How George Bernard Shaw Learned to Play the Piano

It may be surprising to learn that the famous Irish dramatist, sociologist, vegetarian, etc., was also widely famed at one time as a music critic.

Like Bisson, Parker, Rupert Hughes, Boito and several other successful dramatists who were previously musicians, Shaw always valued his musical experiences. He was often criticized for being a critic without a musical education. As a matter of fact he had a very good musical training, but was almost entirely self-taught. To his accusers he took delight in pointing out that neither Wagner nor Berlioz were proficient pianists, but were nevertheless fine musicians.

Some years ago Shaw wrote an instructive article upon “The Religion of the Piano.” This appeared in a leading German publication and the following is a translation. No doubt Mr. Shaw would be very much amused to read this re-Englishing of his thoughts, since his own English is known to be inimitably individual.

The article content is as follows:

I learned the A, B, C, of notation through an elementary instruction book. I was able to comprehend the keyboard through a drawing. Then I started right in without exercises, Plaidy, Czerny or anything else, to study Mozart’s Don Giovanni.

It took fully ten minutes before I could place my fingers in the right position for the first chord of the overture. Finally, however, it sounded right and the pleasure I received from listening to my own playing of the chord paid for all the pains it had cost me.

After a few months I managed to acquire a technic sufficient for my needs. It was, of course, purely of my own invention as the following illustration of my fingering of the scale of C will illustrate. Instead of using customary fingering by putting my thumb under the third finger:

C D E F G A B C
1 2 3 1 2 3 4 5

I stumbled upon the following:

C D E F G A B C
1 2 3 4 5 4 5 4

This had the advantage of fitting all of the diatonic and chromatic scales, and clumsy as it is, I often find myself going back to it when I am not thinking. Liszt and Chopin were also said to have enjoyed this fingering upon occasion in certain places but of course they did not stumble upon it as I did.

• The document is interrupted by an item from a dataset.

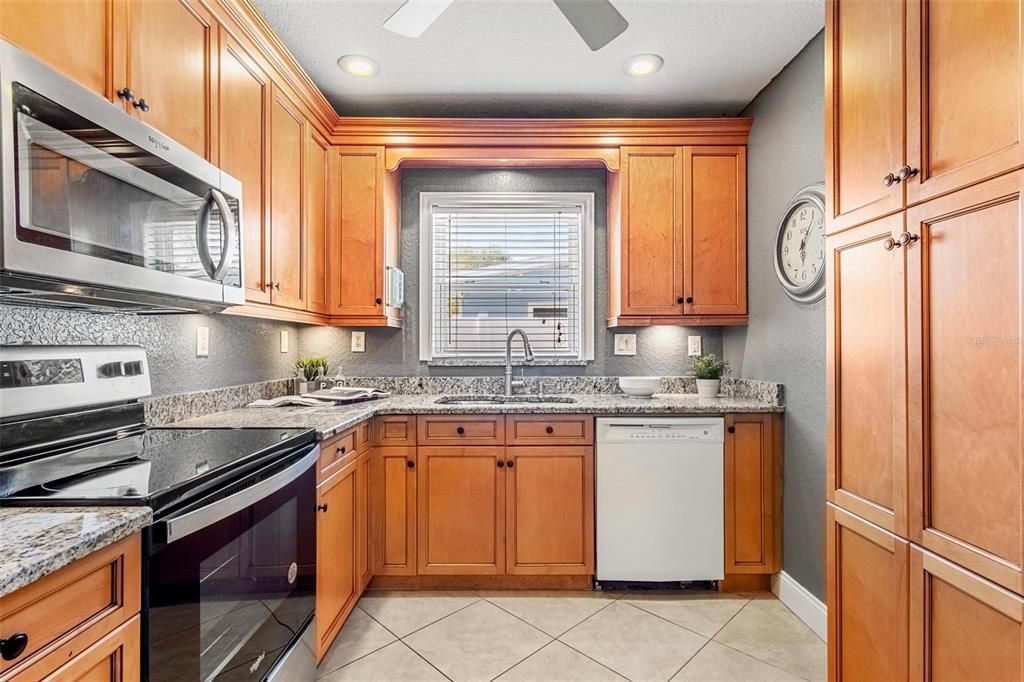 For Sale: $339,000 (2 beds, 1 baths, 824 Square Feet)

I soon acquired a formidable ability to blunder through all kinds of piano arrangements and scores. As a reward for my efforts I found that I was learning Victor Hugo and Schiller through Donizetti, Verdi and Beethoven; the Bible through Handel; Goethe through Schumann, Beaumarchais and Moliere through Mozart and Merimee through Bizet. In addition to this I found in Berlioz an unknown interpretation of a work by Edgar Allen Poe.